TASK ITEM
In your answer, set down the records below exactly as they stand, omitting pictures.

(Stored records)
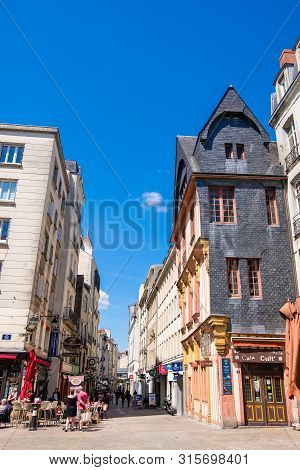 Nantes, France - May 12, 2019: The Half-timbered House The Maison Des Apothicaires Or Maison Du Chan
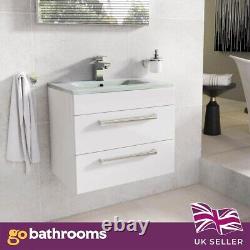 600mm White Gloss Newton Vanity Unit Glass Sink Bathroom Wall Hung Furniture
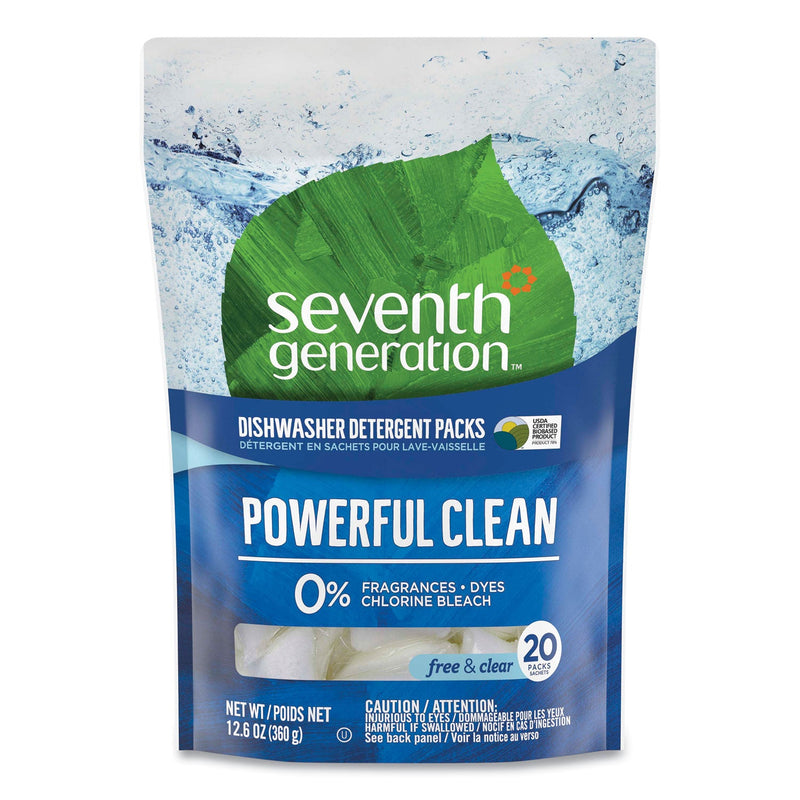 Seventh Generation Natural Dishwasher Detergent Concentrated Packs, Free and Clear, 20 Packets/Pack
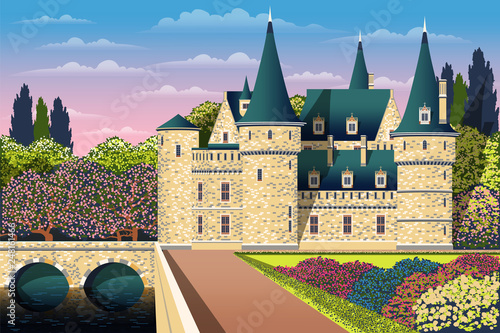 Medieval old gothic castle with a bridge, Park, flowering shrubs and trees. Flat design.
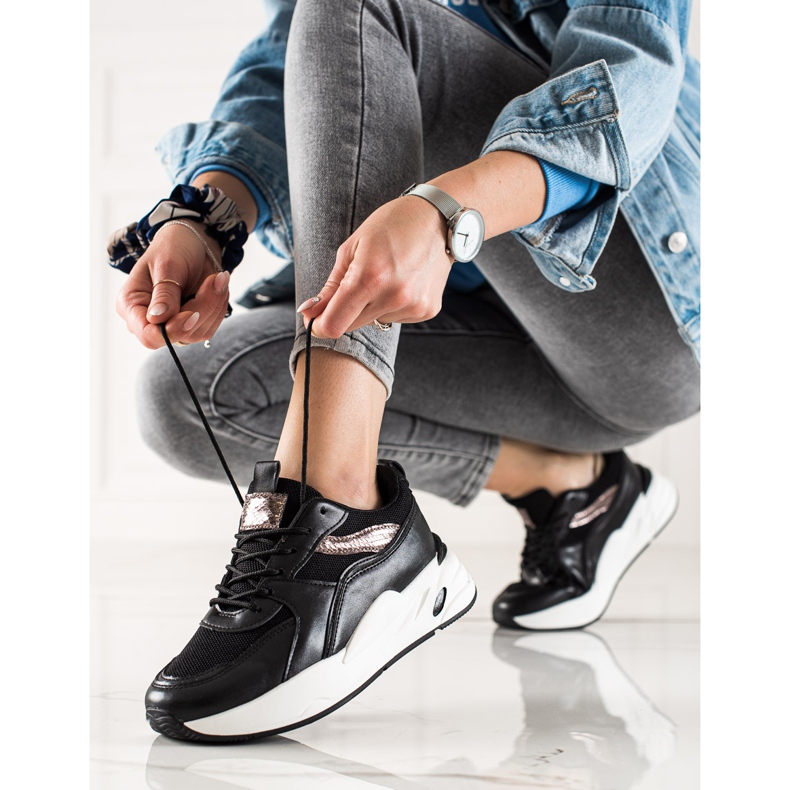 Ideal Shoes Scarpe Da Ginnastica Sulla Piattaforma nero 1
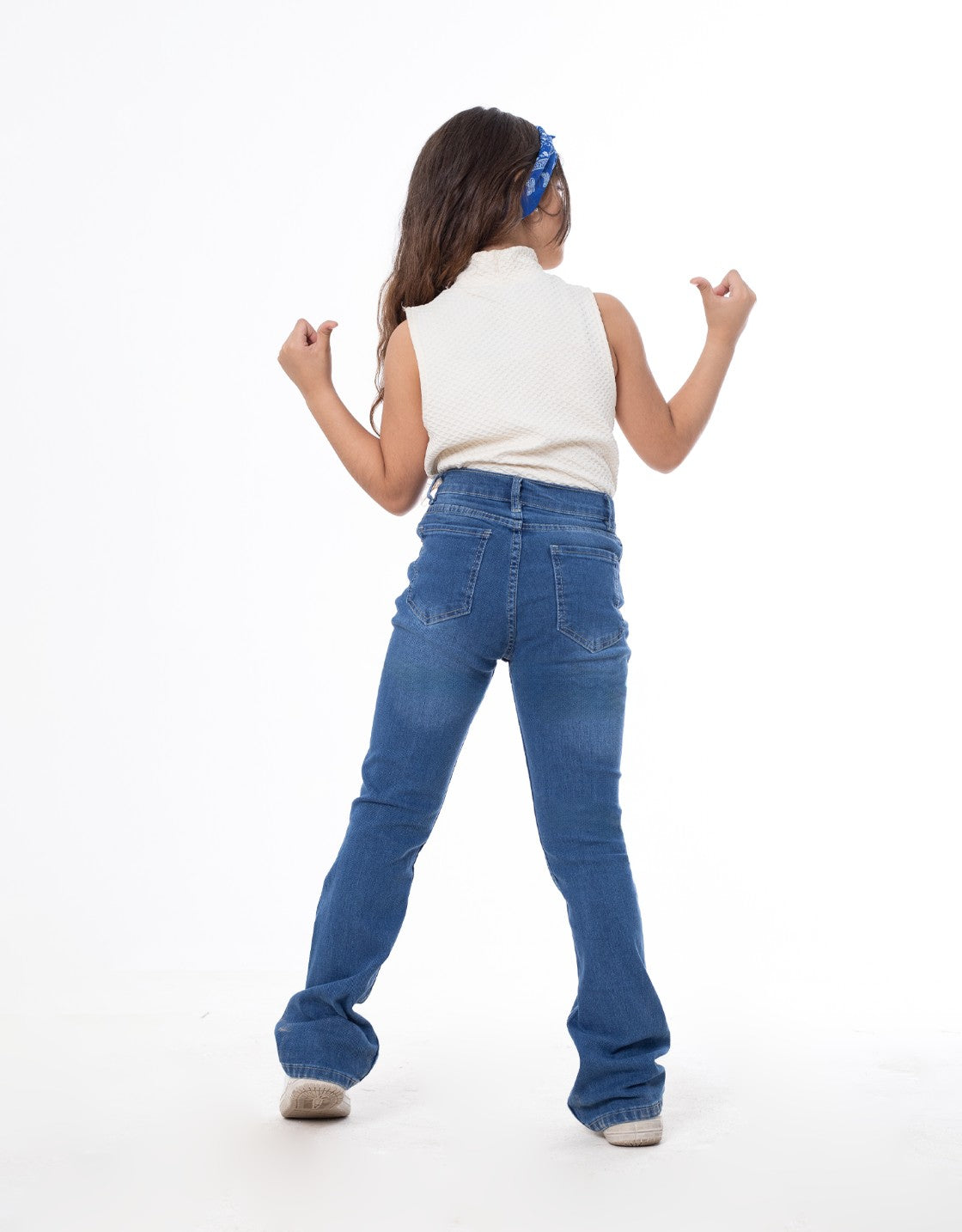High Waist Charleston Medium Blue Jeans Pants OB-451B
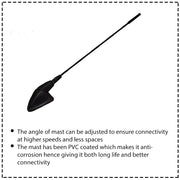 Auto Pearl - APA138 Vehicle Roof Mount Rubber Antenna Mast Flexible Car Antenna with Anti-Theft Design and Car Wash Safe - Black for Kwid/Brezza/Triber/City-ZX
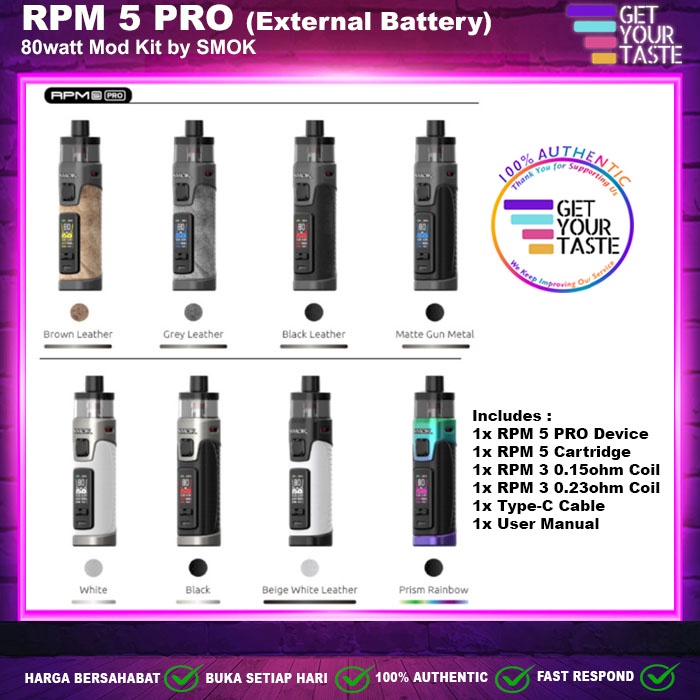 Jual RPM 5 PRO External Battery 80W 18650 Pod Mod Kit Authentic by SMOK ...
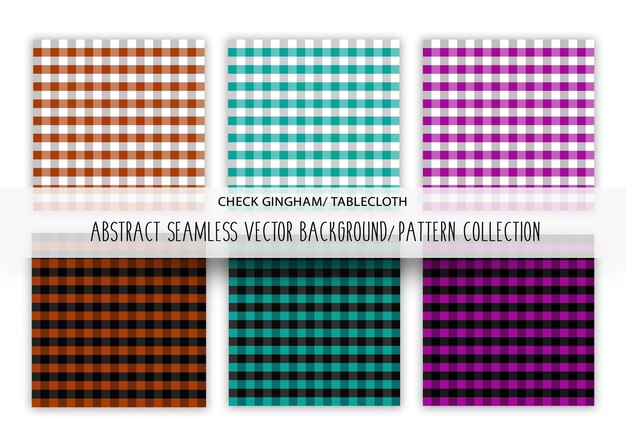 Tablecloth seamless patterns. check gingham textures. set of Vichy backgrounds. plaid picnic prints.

YOUR RESPONSE
 Nantes, France - May 12, 2019: The Half-timbered House The Maison Des Apothicaires Or Maison Du Chan
 600mm White Gloss Newton Vanity Unit Glass Sink Bathroom Wall Hung Furniture
 Seventh Generation Natural Dishwasher Detergent Concentrated Packs, Free and Clear, 20 Packets/Pack
 Medieval old gothic castle with a bridge, Park, flowering shrubs and trees. Flat design.
 Ideal Shoes Scarpe Da Ginnastica Sulla Piattaforma nero 1
High Waist Charleston Medium Blue Jeans Pants OB-451B
 Auto Pearl - APA138 Vehicle Roof Mount Rubber Antenna Mast Flexible Car Antenna with Anti-Theft Design and Car Wash Safe - Black for Kwid/Brezza/Triber/City-ZX
 Jual RPM 5 PRO External Battery 80W 18650 Pod Mod Kit Authentic by SMOK ...
 Tablecloth seamless patterns. check gingham textures. set of Vichy backgrounds. plaid picnic prints.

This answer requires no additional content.